Another ethanol bonanza awaits sugar mills

Ethanol produced directly from sugarcane juice would fetch mills Rs 59 per litre
Another ethanol bonanza awaits sugar mills

Shiv Kumar

Tribune News Service

Mumbai, May 18

Sugar mills across the country are set for a windfall with state-owned oil-marketing companies (OMCs) expected to sign fixed priced contracts with them for the purchase of ethanol. 

According to sources here, several leaders with interests in Maharashtra’s sugar cooperative sector who joined the BJP before the Lok Sabha elections have got assurances that state-owned OMCs would buy ethanol from the distilleries at fixed price for periods ranging from 10 to 15 years. At present, OMCs buy ethanol from distilleries at prices linked to that of global crude prices.

In a representation to the Niti Aayog, the Maharashtra State Cooperative Sugar Factories Federation (MSCSFF) pointed out that volatility in the prices of ethanol would make it unviable for sugar mills to invest in facilities for its production. The cooperatives are also demanding an escalation clause in the payments made by OMCs in case of rising prices of sugarcane.

Sources say the OMCs that are still in the red are resisting the terms set by the sugar cooperatives. 

Earlier this year, the Modi government tweaked a number of rules making it easier for sugar mills to invest in the production of ethanol.

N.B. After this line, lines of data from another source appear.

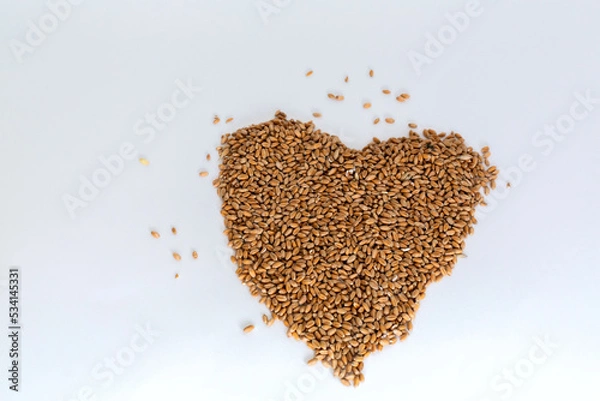 Obraz Grains wheat heart shape. White background.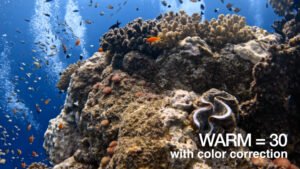 Qui si vede una ripresa fatta con WARM 30 e successiva color correction.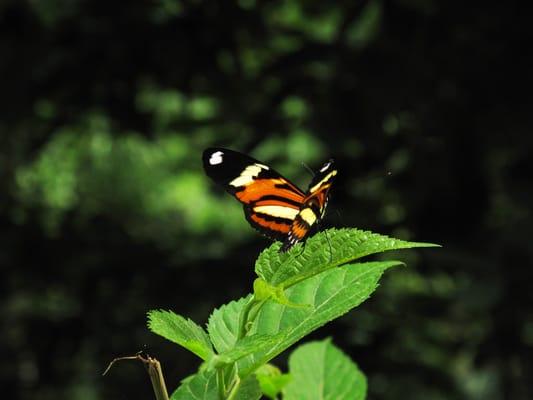 Butterfly on leaf in Mata Atlantica, Brazil.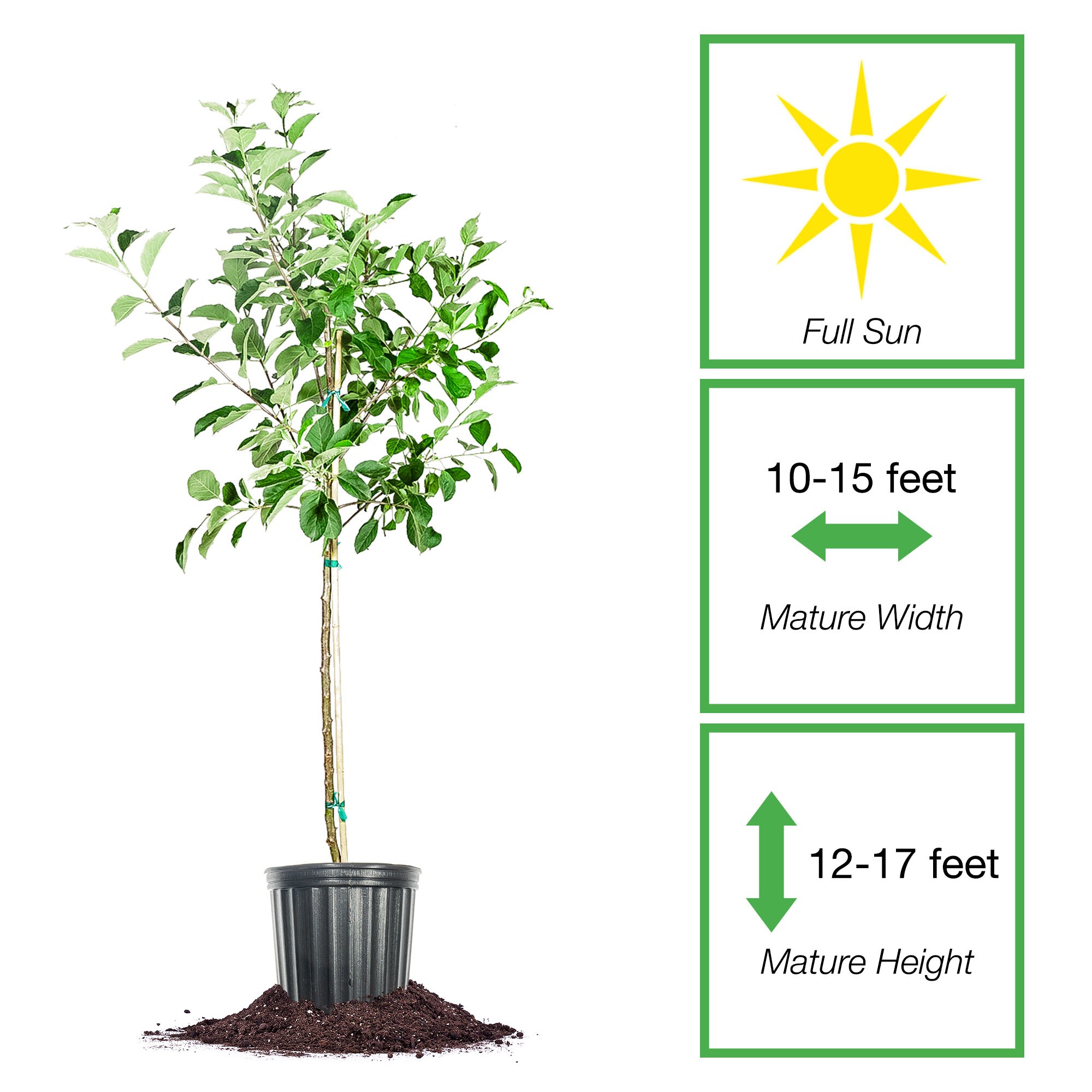Perfect Plants LOGALA5G trees - View #2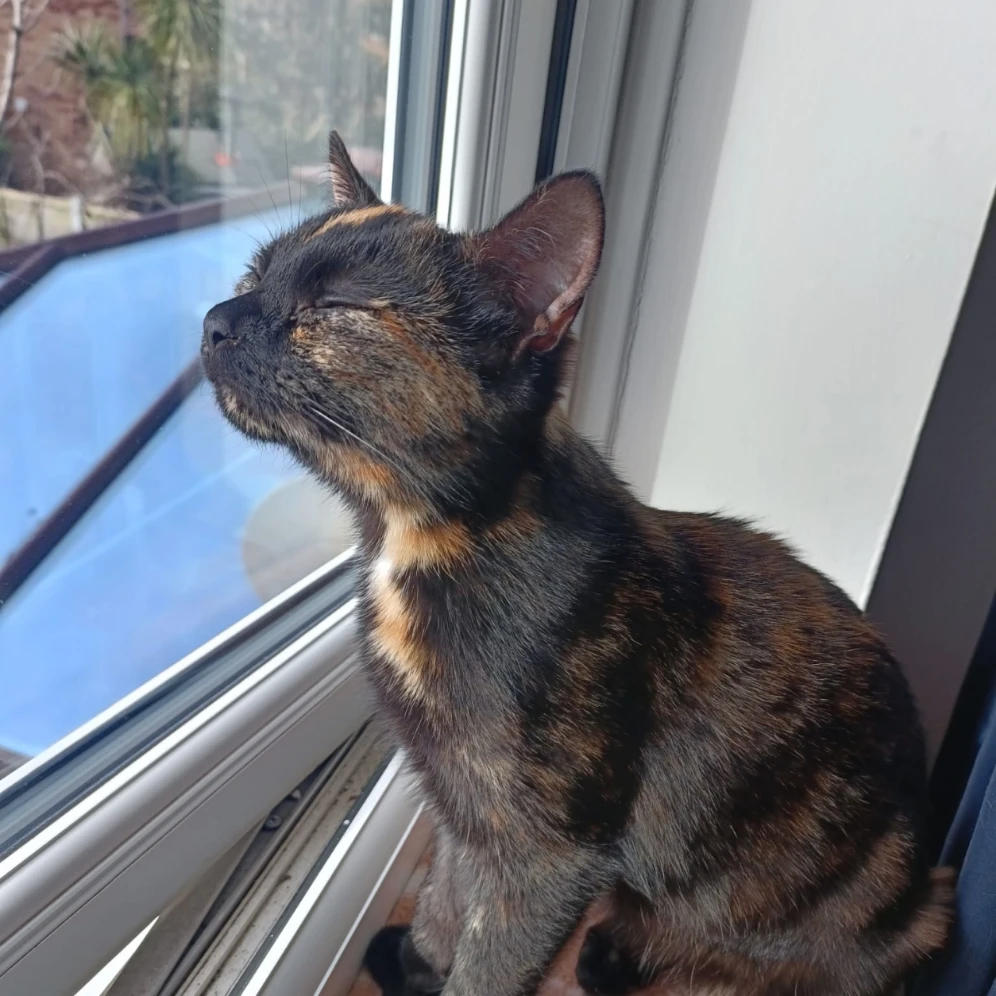 Elphie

Cogeneration plants attached to sugar mills that till now were allowed to produce ethanol only from molasses are now being allowed to manufacture the bio-fuel directly from sugarcane juice.

The government has also made it mandatory for oil-marketing companies (OMCs) that have to compulsorily blend ethanol with motor fuel to pay more for ethanol manufactured directly from sugarcane juice. While ethanol from molasses is currently priced at Rs 52.43 per litre, that manufactured directly from sugarcane juice would fetch the mill Rs 59 per litre.

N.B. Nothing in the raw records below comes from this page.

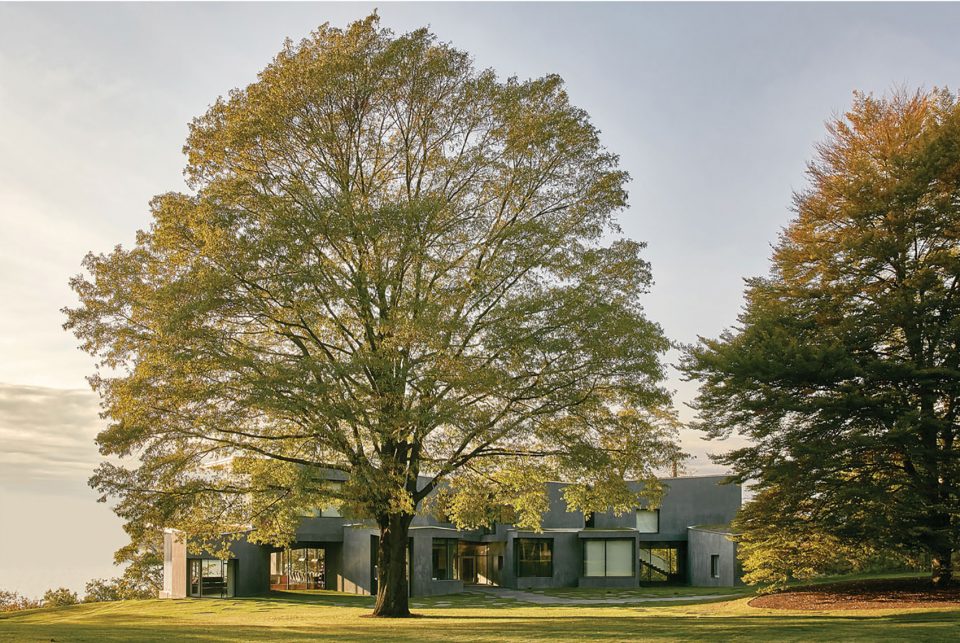 2017 residential design honor award abstracting morphology new york by hollanderdesign landscape architects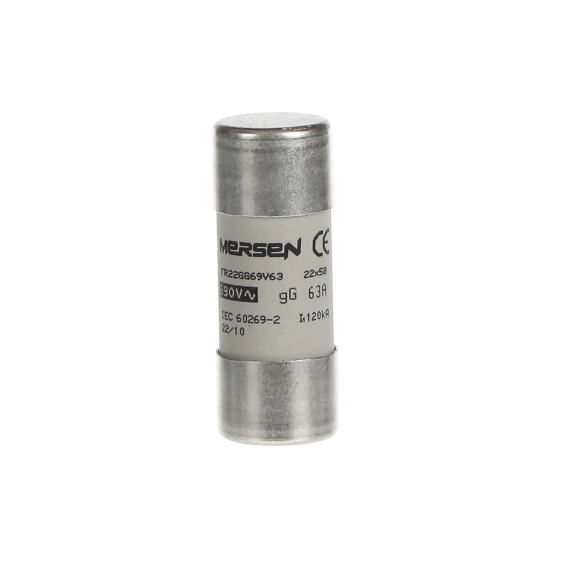 ABB 2CSM258213R1801, E 9F22 GG63, Modüler DIN, 63 Amper, Kartuş Sigorta, 22x58mm, gG Tip, 690 Volt AC, 80 kA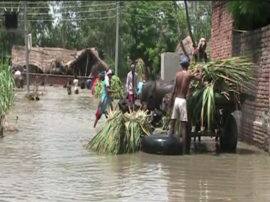 अमरोहा के आधा दर्जन गांव बाढ़ की चपेट में, हजारों बीघा में फैली फसल जलमग्न; किसान परेशान Flood like situation in Half dozen villages in Amroha ganga river crossing alert line अमरोहा के आधा दर्जन गांव बाढ़ की चपेट में, हजारों बीघा में फैली फसल जलमग्न; किसान परेशान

Petrol and diesel sold in India will have to be blended with at least 10 per cent ethanol from 2022, which is slated to go up to 20 per cent by 2030, according to the government’s target for OMCs.

“There will be a requirement of at least 300 crore litres of ethanol by 2022,” says a MSCSFF office-bearer. 

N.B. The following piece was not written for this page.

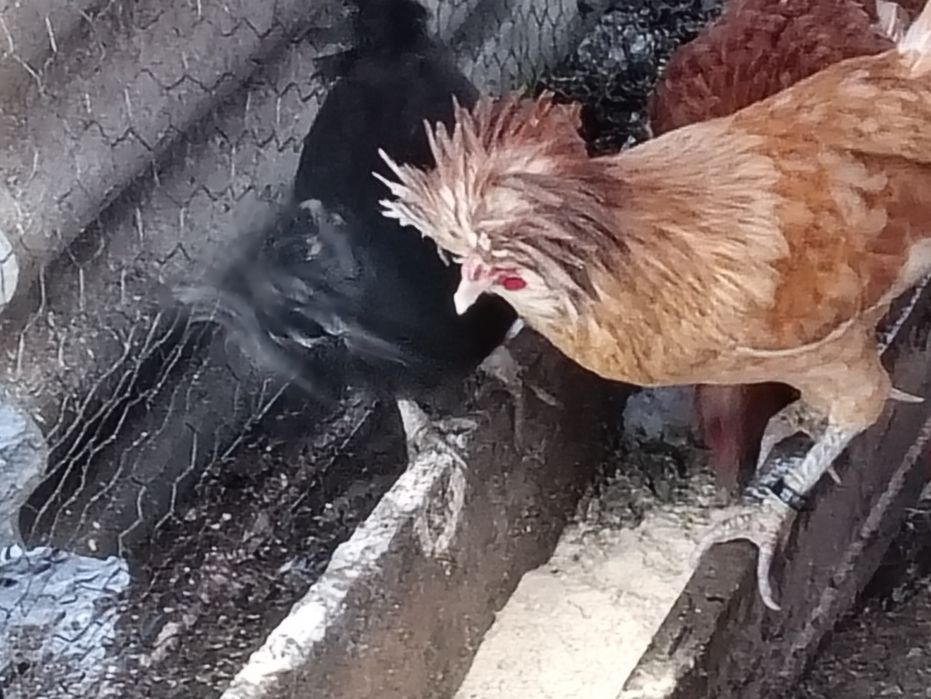 Vînd o pereche de puicuțe olandeze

Ethanol supply to OMCs is around half at present, according to sources. To incentivise increase in production of the bio-fuel, the government also came up with an interest rates subvention scheme for sugar mills to the tune of Rs 3,300 crore last month. However, Maharashtra’s sugar mills said they are saddled with huge out standings to farmers and would not be able to make investments in ethanol production in the absence of fixed price contracts with OMCs.